(Short web captions)
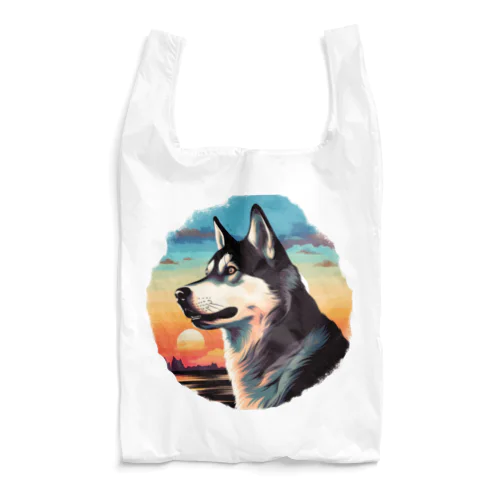 シベリアンハスキーと夕日 Reusable Bag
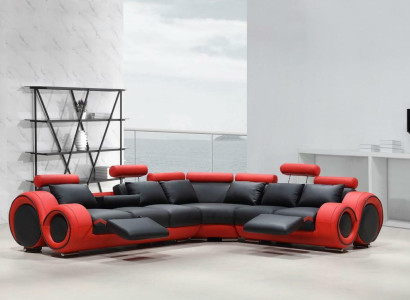 Designer Sofa Suite Living landscape Couch Corner sofa Leather Textile Upholstery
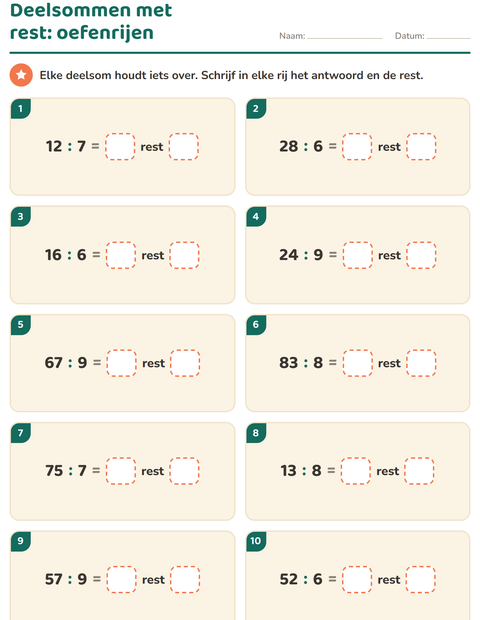 Voorbeeld van het Delen met rest-werkblad voor groep 5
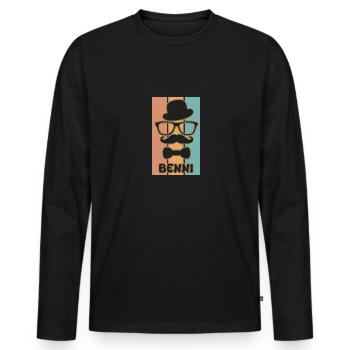 Prénom Benni - T-shirt manches longues Premium bio Homme - noir - Devant - Nico (187cm)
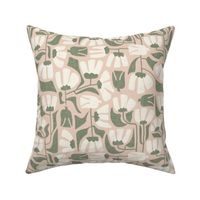 (M) Elegance Abstract Floral in Soft Pink/ Olive Green/ Ecru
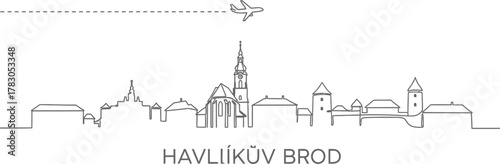 Havlikuv Brod Skyline with Airplane and Flight Path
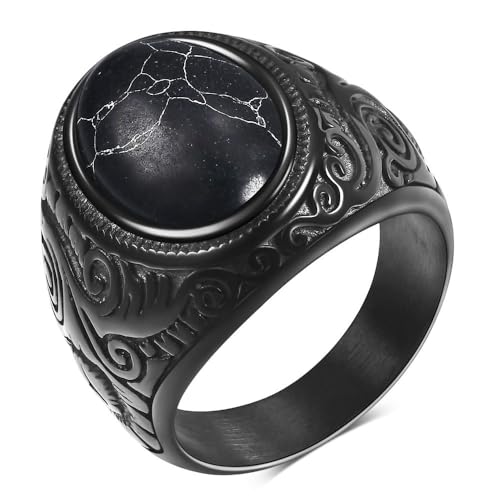 MYNENEY Retro Vintage Stone Rings for Men Turquoise Rings Stainless Steel - color: Black ring-black stone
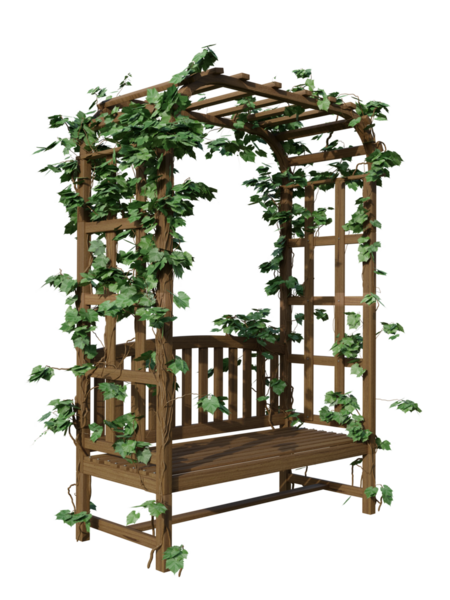 Şeffaf arkaplanda bitkiler bulunan 3 boyutlu ahşap bir bank.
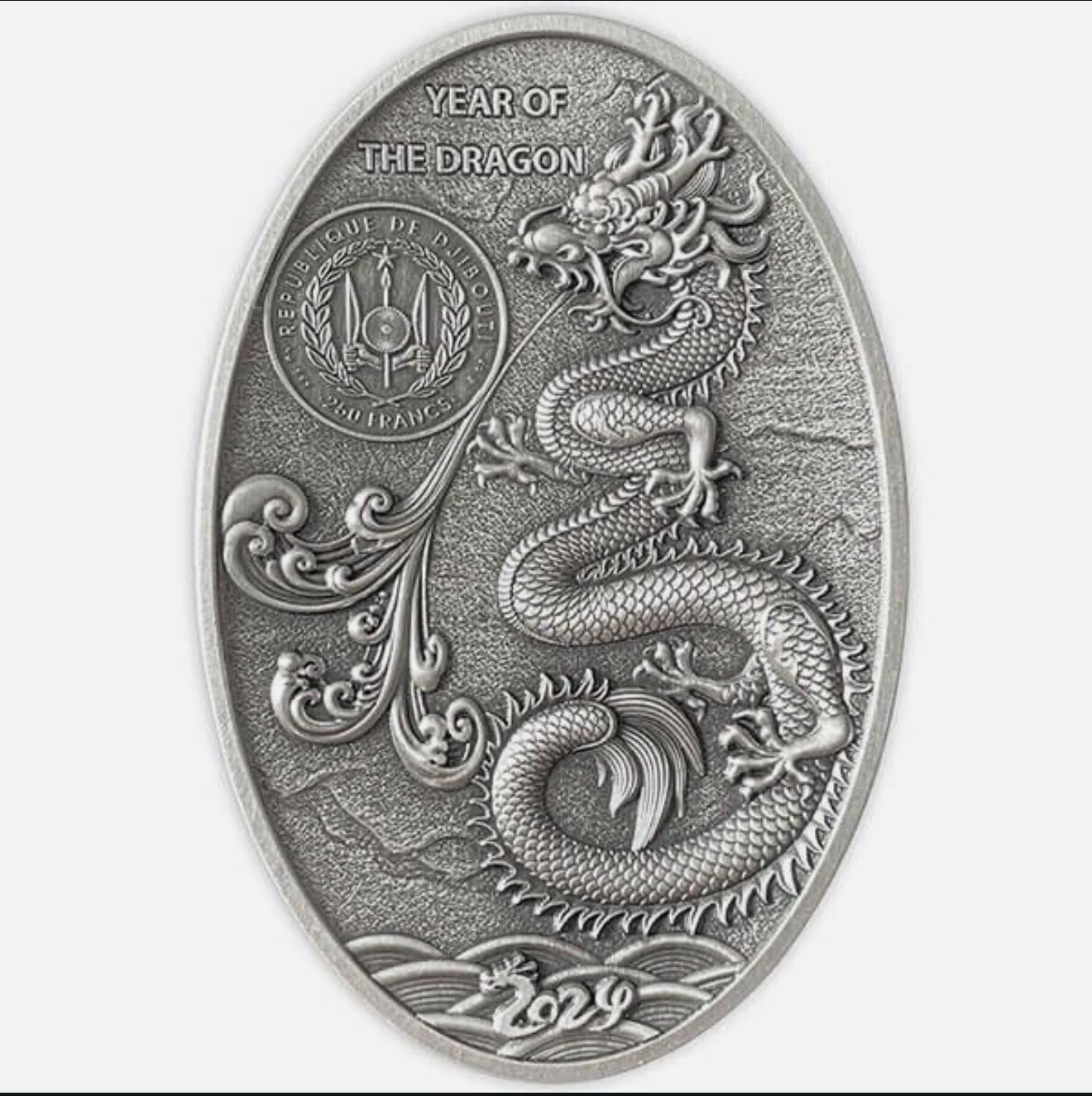 2024 3D Dragon Egg 2024 5oz Silver Antiqued high relief Coin
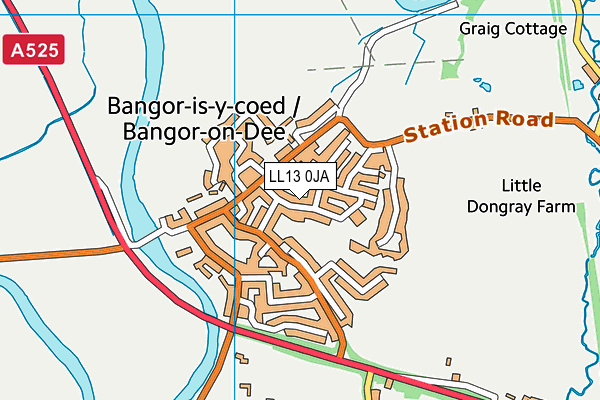 Ysgol Sant Dunawd map (LL13 0JA) - OS VectorMap District (Ordnance Survey)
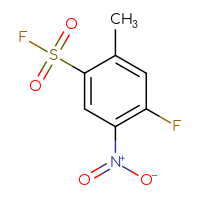 Chemical structure of 4-fluoro-2-methyl-5-nitrobenzene-1-sulfonyl fluoride - CSSB00015196311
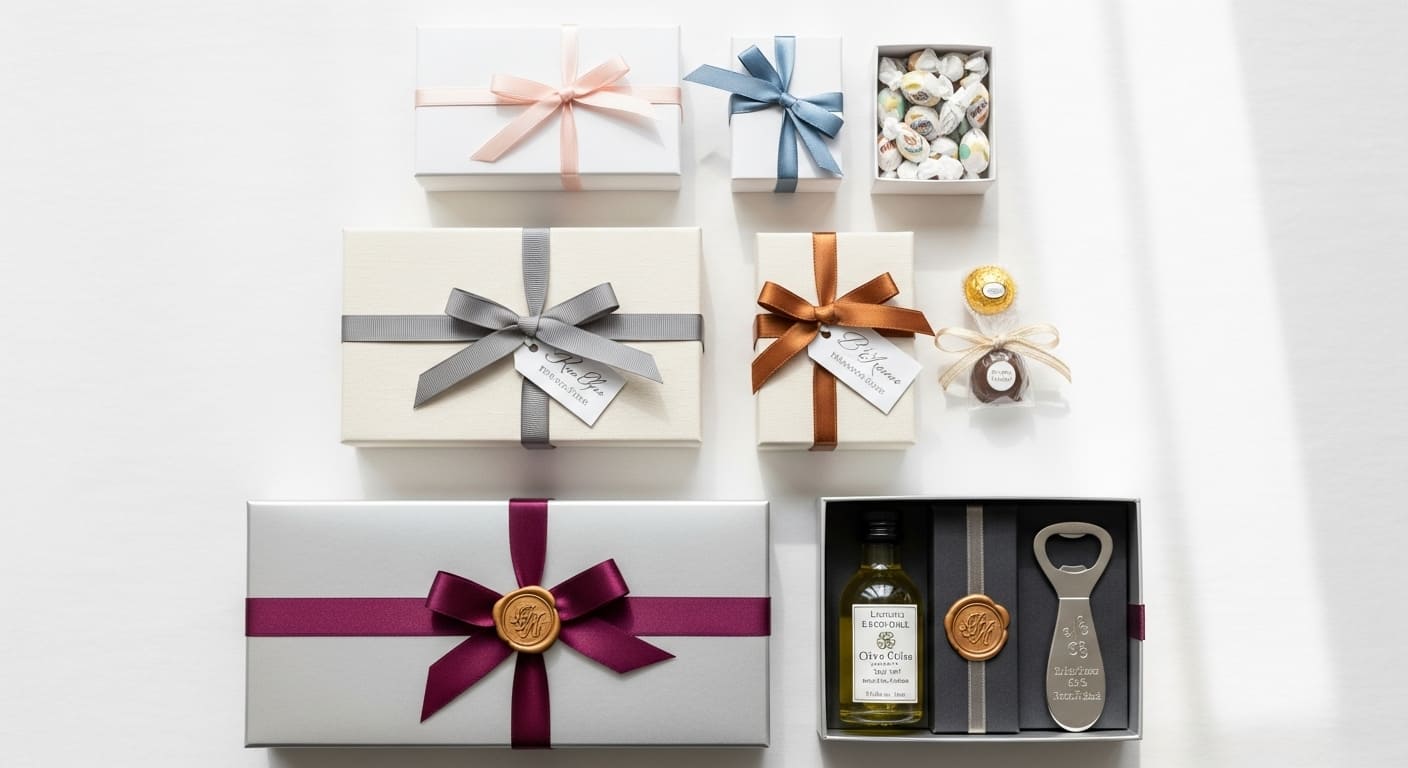 異なる予算帯の引き出物が整然と並べられている様子。基本・中級・上級の3段階が比較できるレイアウト。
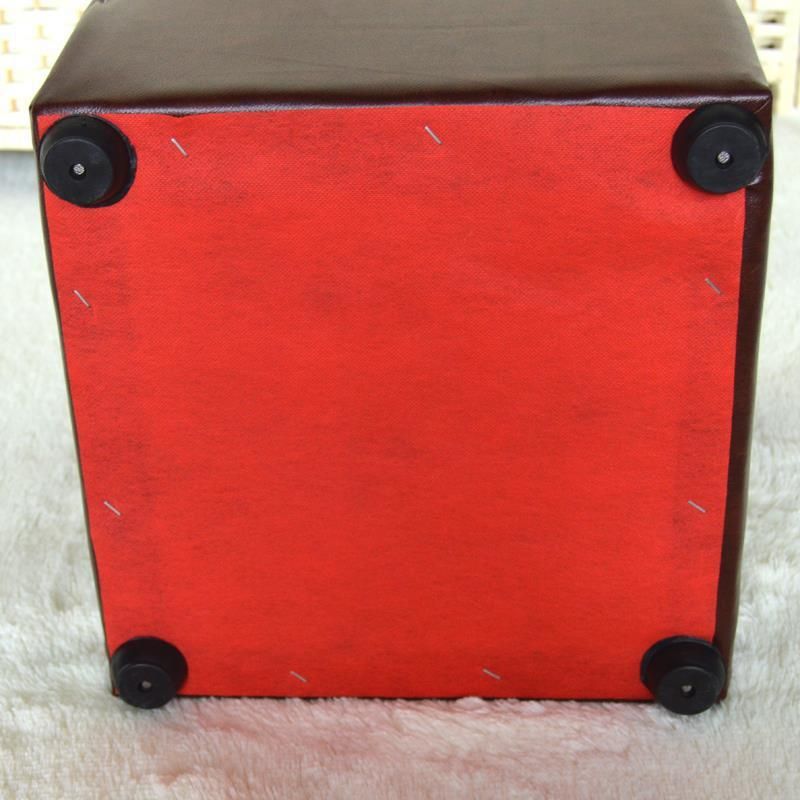 Mid-Century Modern Pouf Ottoman Faux Leather Upholstered Solid Color Square Ottoman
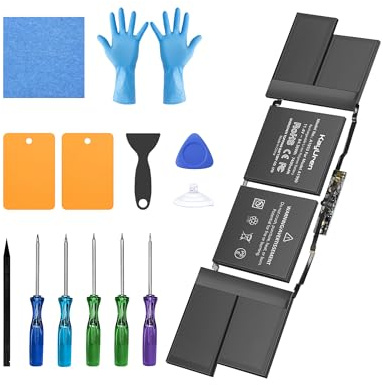 KayUren Replacement Battery for MacBook Pro A1990, 15-Inch, 2018-2019 | Battery model: A1953, 11.4V 7400mAh 84.36Wh, up to 1000 cycles, 5 screwdrivers, tool kit, installation guide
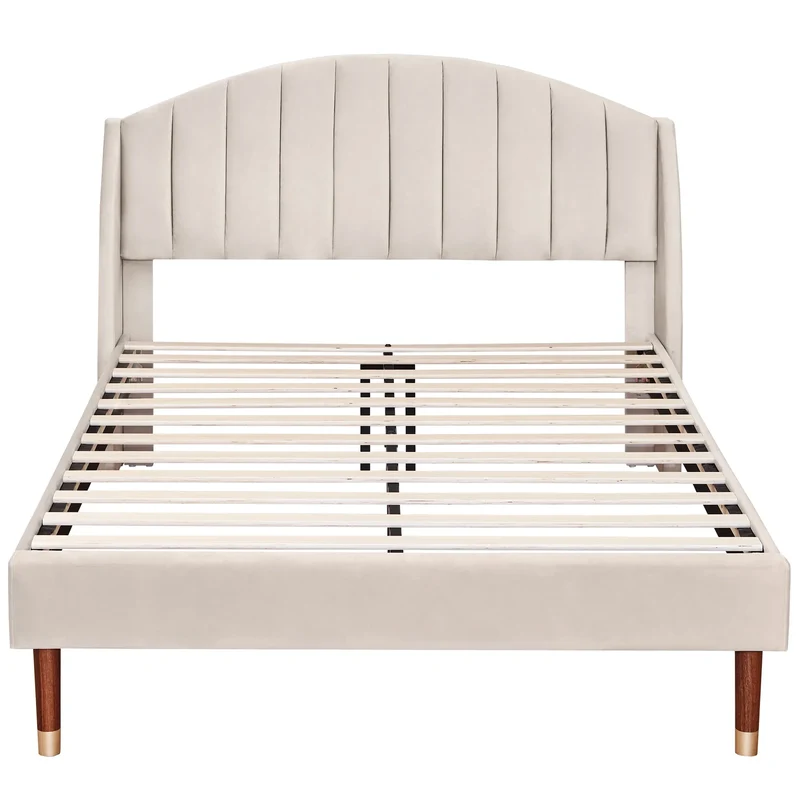VSOGA Upholstered Bed 140*190 With Slatted Base And Headboard Teen Bed Single Bed Velvet, Beige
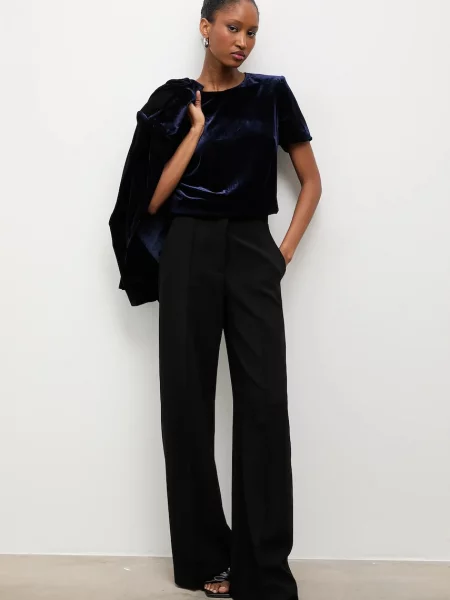 Велюрова блузка Answear.LAB однотонна синій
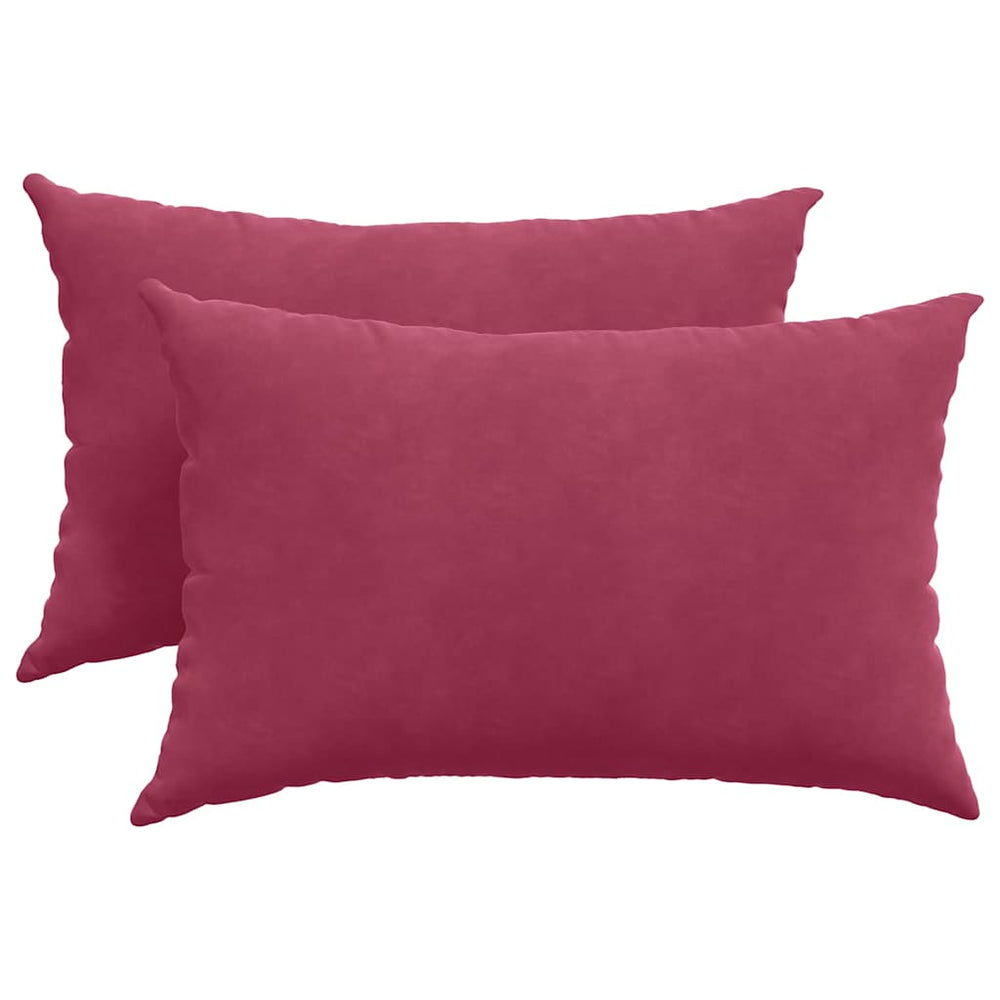 Weinrote Cord Sofakissen 60x40cm - 2er Set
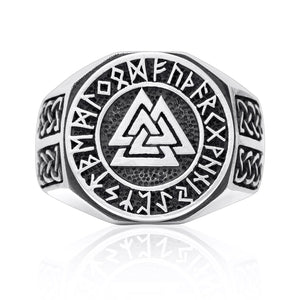 925 Sterling Silver Valknut Norse Runes Knotwork Viking Jewelry Ring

### What is being asked
Line by line, write out the data above exactly, without the pictures.

### Solution below
 シベリアンハスキーと夕日 Reusable Bag
 Designer Sofa Suite Living landscape Couch Corner sofa Leather Textile Upholstery
 Voorbeeld van het Delen met rest-werkblad voor groep 5
 Prénom Benni - T-shirt manches longues Premium bio Homme - noir - Devant - Nico (187cm)
 (M) Elegance Abstract Floral in Soft Pink/ Olive Green/ Ecru
 Havlikuv Brod Skyline with Airplane and Flight Path
 MYNENEY Retro Vintage Stone Rings for Men Turquoise Rings Stainless Steel - color: Black ring-black stone
 Şeffaf arkaplanda bitkiler bulunan 3 boyutlu ahşap bir bank.
 2024 3D Dragon Egg 2024 5oz Silver Antiqued high relief Coin
 Ysgol Sant Dunawd map (LL13 0JA) - OS VectorMap District (Ordnance Survey)
 Chemical structure of 4-fluoro-2-methyl-5-nitrobenzene-1-sulfonyl fluoride - CSSB00015196311
 異なる予算帯の引き出物が整然と並べられている様子。基本・中級・上級の3段階が比較できるレイアウト。
 Mid-Century Modern Pouf Ottoman Faux Leather Upholstered Solid Color Square Ottoman
 KayUren Replacement Battery for MacBook Pro A1990, 15-Inch, 2018-2019 | Battery model: A1953, 11.4V 7400mAh 84.36Wh, up to 1000 cycles, 5 screwdrivers, tool kit, installation guide
VSOGA Upholstered Bed 140*190 With Slatted Base And Headboard Teen Bed Single Bed Velvet, Beige
 Велюрова блузка Answear.LAB однотонна синій
 Weinrote Cord Sofakissen 60x40cm - 2er Set
 925 Sterling Silver Valknut Norse Runes Knotwork Viking Jewelry Ring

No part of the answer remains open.